I'll test to rebase my Dependabot PRs that failed once Dependabot upgrades action-dependabot-auto-merge itself.
Still no luck. :( See https://github.com/mdn/yari/pull/1395/checks?check_run_id=1264500764
using workflow's "target":
- match:
dependency_type: all
update_type: 'semver:minor'
title: "Update actions/setup-node requirement to v2.1.2"
depName: actions/setup-node
from: unknown
to: 2.1.2
dependency type: production
security critical: false
config: all:semver:minor
Warning: no version range detected in PR title
manual merging required
I rebased the pull request about an hour ago.
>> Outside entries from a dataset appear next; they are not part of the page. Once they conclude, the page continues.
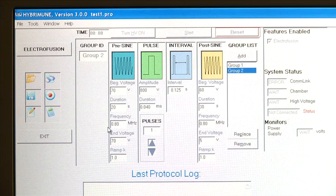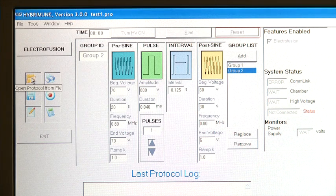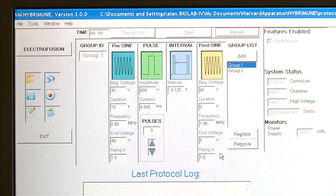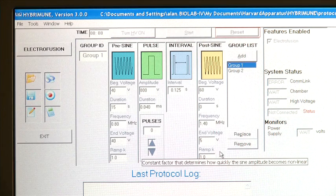To retrieve that protocol in the future, click on the folder icon, select the protocol, then click Open and the protocol will open in the HYBRAMUN screen.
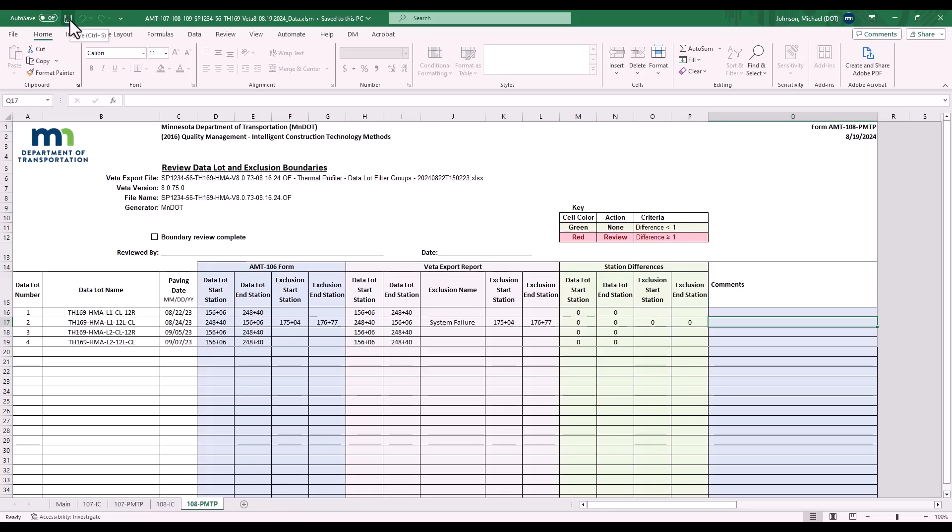So, as a contractor, just fill out the 107 and 108. Select save.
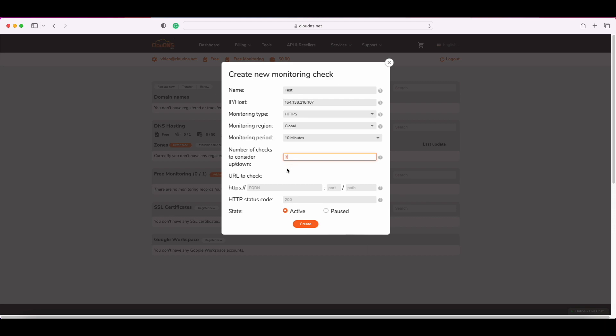In the next field, you need to type the URL that you will check and the port number to which the HTTPS check will be made. By default, for HTTPS is port number 443 and for HTTP is 80. Furthermore, you can check a specific path using the path field. For example, you can write wiki and it will check HTTPS www.cloudns.net/wiki.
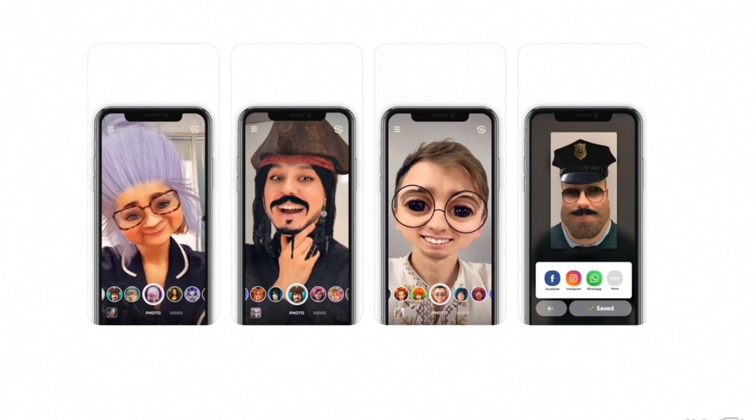You might have seen these 3D face filters in Snapchat, Facebook, and Instagram. These AR experiences are not standalone apps, but they are simple AR experiences that are embedded inside the Snapchat, Facebook, and Instagram apps.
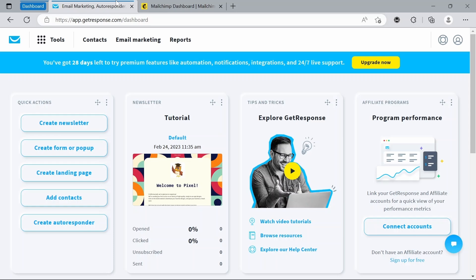So that's my brief comparison of GetResponse versus MailChimp. I hope you liked the video. If you did, feel free to give the video a like and give the channel a subscribe to see more videos like this. Also, if you have any questions or suggestions, you can leave them in the comments section below.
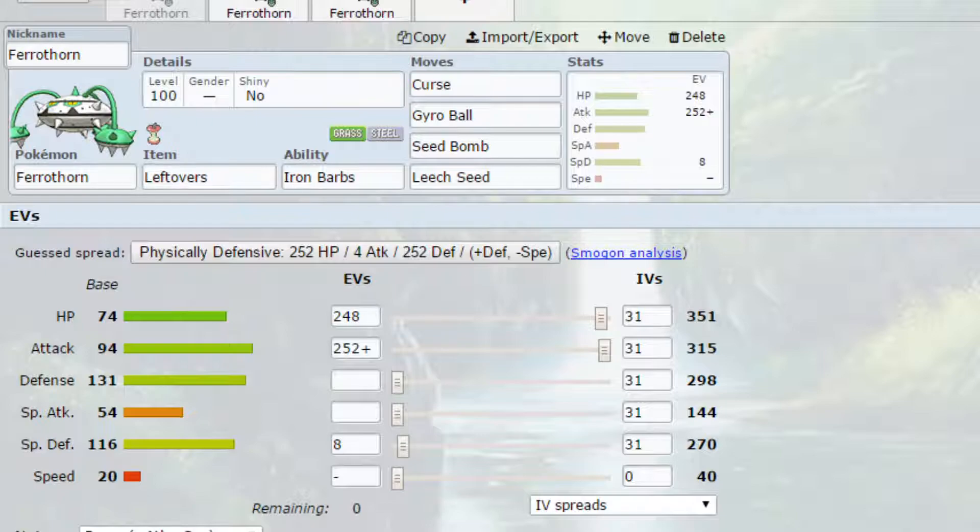If you can get a Trick Room Pokémon in here as well, having a Trick Room team, then that would boost this even further.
In that tree, you can see that it uses ahmadnassri/action-dependabot-auto-merge@v2.1.4
this is now working as expected @peterbe
short of this action going full into parsing every dependency package definition file or reading the PR diff and determining which version did dependabot try to update... I can't think of a work around here
Ah! Of course. Now I can see what you mean. So unless we parse the diff we can't figure out what the previous version number was. Dang, that's not feasible. So, do we need to pester GitHub (their Dependabot "department") to claim it's a bug to not mention the from-version in the PR title?
@peterbe definitly need more pstering towards GH ...
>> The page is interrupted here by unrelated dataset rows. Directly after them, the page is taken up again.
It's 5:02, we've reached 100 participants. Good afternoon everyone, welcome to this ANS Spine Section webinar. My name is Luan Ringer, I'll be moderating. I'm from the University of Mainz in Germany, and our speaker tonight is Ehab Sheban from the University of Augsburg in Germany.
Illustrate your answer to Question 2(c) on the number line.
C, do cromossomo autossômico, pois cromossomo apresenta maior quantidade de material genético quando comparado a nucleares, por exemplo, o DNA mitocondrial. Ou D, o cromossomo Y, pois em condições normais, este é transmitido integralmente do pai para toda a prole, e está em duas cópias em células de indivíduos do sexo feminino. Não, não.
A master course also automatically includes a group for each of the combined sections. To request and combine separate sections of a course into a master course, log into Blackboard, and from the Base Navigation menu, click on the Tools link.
it would be great if they expose an API so we can do this better without the magic of regexes and parsing text!
also see #34
Got it working for some pr's but also failed in one without 'from', a pity :) thanks for the fix for the other use-case
I opened an issue here with dependabot, hopefully they respond: https://github.com/dependabot/dependabot-core/issues/2659
@iranzo @peterbe I've been experimenting with dependabot configuration after running into more issues where dependabot was not opening up consistent PR titles, namely it was opening a chore(dep):....
instead of a build(dep): ....
tl;dr force the naming convention by setting commit-message` in dependabot config: specifically:
commit-message:
prefix: build
prefix-development: chore
include: scope
see live example here: https://github.com/ahmadnassri/action-dependabot-auto-merge/blob/0da6f4fddfe74567485cbbcdb4b6f28e19f6f4ea/.github/dependabot.yml#L6-L9
this might help with the inconsistent PR titles
this might help with the inconsistent PR titles
Ok. So it's early days, but I'm willing to try.
@peterbe yeah, hard to test and validate this...
I did try it on a repo that had an open PR with the wrong title, then did a dependabot recreate
and it did in fact recreate a new PR with the right title ... but that was a one-off ...
@peterbe yeah, hard to test and validate this...
I did try it on a repo that had an open PR with the wrong title, then did a
dependabot recreate
and it did in fact recreate a new PR with the right title ... but that was a one-off ...
Does that mean that you need more 'validations' to consider it ok? I don't mind adding that to all the repos I've access too and see when dependabot triggers again... but that might take time
for my part, I added it on all 80+ repos in my public GitHub and 100+ in private company repos ...
my comment about a "one off" was specifically when I told dependabot to recreate
it resulted in actually recreating the PR with the correct title ...
before the config change, wrong type chore
for a prod dep:
applied the config change and asked dependabot recreate
:
it closes the PR and made a new one with the correct type build
:
while this example doesn't have the "missing from x.y.z" issue, it demonstrates that dependabot config seems better enforceable with these settings
Here's the failing auto-merge run Here's the PR itself
That
depName: undefined
looks suspiciously like a bug and the PR itself is pretty sane. So perhaps the mistake is that the it bailed and just did a warning.